→ About this task
Nothing goes in the answer except the line that contains "Jesus Saves Unisex Heavy Cotton Tee" and the lines after it to the end of the material below, unchanged.

→ Recorded data
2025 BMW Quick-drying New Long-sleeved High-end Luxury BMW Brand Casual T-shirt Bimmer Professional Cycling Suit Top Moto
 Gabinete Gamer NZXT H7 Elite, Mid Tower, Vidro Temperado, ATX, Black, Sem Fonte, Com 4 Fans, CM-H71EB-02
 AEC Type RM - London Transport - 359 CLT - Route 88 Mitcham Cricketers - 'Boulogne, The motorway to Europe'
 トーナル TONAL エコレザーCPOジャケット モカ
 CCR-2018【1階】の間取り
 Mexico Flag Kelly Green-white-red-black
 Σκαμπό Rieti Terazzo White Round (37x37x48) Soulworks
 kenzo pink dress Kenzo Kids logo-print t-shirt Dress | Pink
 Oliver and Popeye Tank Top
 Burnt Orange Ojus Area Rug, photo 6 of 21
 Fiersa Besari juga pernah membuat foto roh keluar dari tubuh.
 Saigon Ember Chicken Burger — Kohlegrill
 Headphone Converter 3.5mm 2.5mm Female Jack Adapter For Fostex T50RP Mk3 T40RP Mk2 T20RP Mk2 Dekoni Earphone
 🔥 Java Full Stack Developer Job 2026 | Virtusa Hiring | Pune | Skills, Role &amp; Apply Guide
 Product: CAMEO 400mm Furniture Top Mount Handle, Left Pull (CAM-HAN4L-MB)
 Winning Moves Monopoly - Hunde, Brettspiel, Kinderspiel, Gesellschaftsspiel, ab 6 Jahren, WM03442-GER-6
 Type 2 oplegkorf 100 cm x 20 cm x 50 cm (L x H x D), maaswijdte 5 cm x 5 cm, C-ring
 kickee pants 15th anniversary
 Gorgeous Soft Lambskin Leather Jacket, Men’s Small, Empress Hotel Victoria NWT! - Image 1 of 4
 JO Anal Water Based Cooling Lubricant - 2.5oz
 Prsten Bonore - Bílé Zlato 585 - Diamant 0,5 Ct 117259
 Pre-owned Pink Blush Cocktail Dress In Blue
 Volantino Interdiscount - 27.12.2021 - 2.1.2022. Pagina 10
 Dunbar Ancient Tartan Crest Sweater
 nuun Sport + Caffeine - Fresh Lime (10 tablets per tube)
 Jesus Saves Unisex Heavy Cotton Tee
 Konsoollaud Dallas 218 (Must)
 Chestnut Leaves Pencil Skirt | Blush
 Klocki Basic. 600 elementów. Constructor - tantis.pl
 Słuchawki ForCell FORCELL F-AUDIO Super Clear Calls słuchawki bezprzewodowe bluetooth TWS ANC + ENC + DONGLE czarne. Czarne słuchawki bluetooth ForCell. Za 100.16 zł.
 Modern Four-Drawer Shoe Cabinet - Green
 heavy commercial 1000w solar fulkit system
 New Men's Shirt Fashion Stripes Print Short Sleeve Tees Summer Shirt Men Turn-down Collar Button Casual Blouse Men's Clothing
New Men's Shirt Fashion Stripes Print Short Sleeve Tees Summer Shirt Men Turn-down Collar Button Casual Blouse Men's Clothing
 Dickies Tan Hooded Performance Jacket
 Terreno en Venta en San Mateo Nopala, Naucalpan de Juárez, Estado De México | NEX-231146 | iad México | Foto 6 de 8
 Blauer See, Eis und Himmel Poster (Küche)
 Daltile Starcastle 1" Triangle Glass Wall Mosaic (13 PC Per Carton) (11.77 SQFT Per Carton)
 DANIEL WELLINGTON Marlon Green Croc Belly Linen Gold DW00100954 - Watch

→ Solution to the exercise
 Jesus Saves Unisex Heavy Cotton Tee
 Konsoollaud Dallas 218 (Must)
 Chestnut Leaves Pencil Skirt | Blush
 Klocki Basic. 600 elementów. Constructor - tantis.pl
 Słuchawki ForCell FORCELL F-AUDIO Super Clear Calls słuchawki bezprzewodowe bluetooth TWS ANC + ENC + DONGLE czarne. Czarne słuchawki bluetooth ForCell. Za 100.16 zł.
 Modern Four-Drawer Shoe Cabinet - Green
 heavy commercial 1000w solar fulkit system
 New Men's Shirt Fashion Stripes Print Short Sleeve Tees Summer Shirt Men Turn-down Collar Button Casual Blouse Men's Clothing
New Men's Shirt Fashion Stripes Print Short Sleeve Tees Summer Shirt Men Turn-down Collar Button Casual Blouse Men's Clothing
 Dickies Tan Hooded Performance Jacket
 Terreno en Venta en San Mateo Nopala, Naucalpan de Juárez, Estado De México | NEX-231146 | iad México | Foto 6 de 8
 Blauer See, Eis und Himmel Poster (Küche)
 Daltile Starcastle 1" Triangle Glass Wall Mosaic (13 PC Per Carton) (11.77 SQFT Per Carton)
 DANIEL WELLINGTON Marlon Green Croc Belly Linen Gold DW00100954 - Watch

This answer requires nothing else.